### What the exercise asks:
Every line from the one containing "BAGUE en or jaune 750° ornée..." to the one containing "ADMIRALS COVE PAR B REPL - Residential" in the records below, both included, must be set down exactly, and no other line.

### Records for this exercise:
--
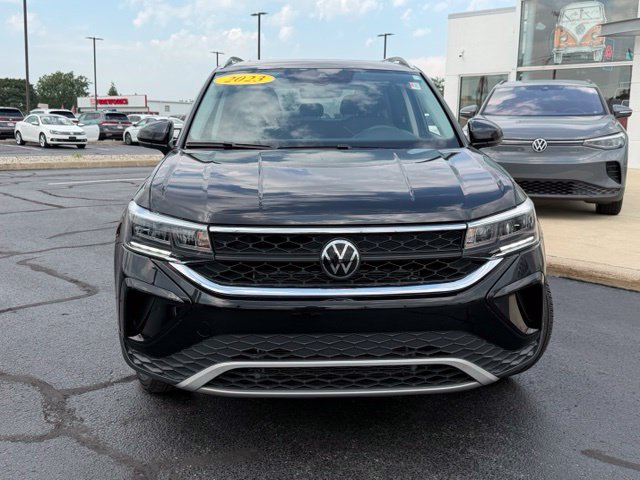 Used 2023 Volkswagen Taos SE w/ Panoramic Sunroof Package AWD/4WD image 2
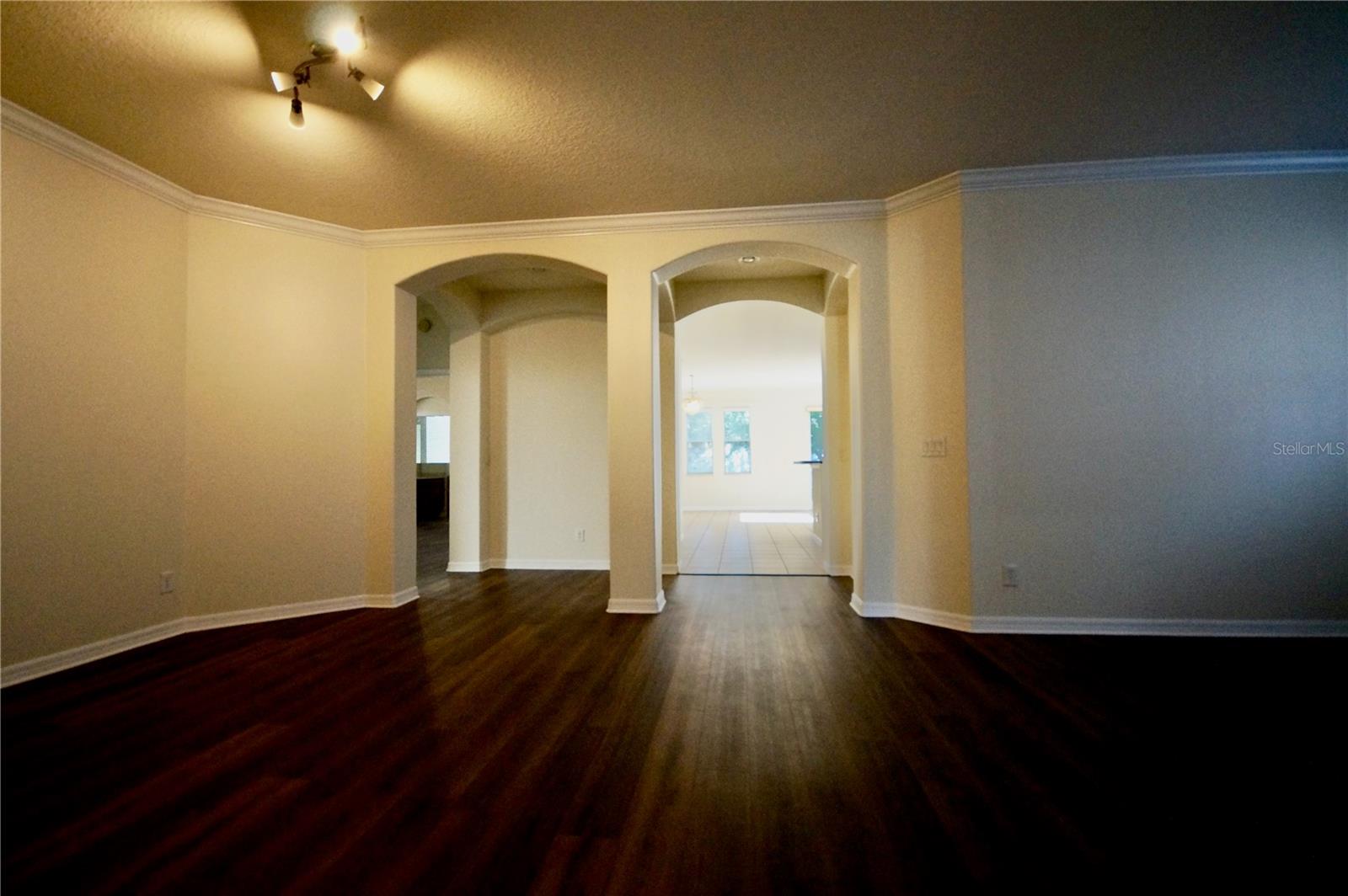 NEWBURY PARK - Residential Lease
--
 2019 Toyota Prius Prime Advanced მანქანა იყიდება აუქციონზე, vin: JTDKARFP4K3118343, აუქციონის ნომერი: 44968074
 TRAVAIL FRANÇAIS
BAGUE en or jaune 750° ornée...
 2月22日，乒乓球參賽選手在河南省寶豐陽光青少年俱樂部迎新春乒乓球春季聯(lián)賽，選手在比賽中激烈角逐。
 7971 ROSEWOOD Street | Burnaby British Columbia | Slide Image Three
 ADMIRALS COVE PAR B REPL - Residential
--
### Solution to this problem:
BAGUE en or jaune 750° ornée...
 2月22日，乒乓球參賽選手在河南省寶豐陽光青少年俱樂部迎新春乒乓球春季聯(lián)賽，選手在比賽中激烈角逐。
 7971 ROSEWOOD Street | Burnaby British Columbia | Slide Image Three
 ADMIRALS COVE PAR B REPL - Residential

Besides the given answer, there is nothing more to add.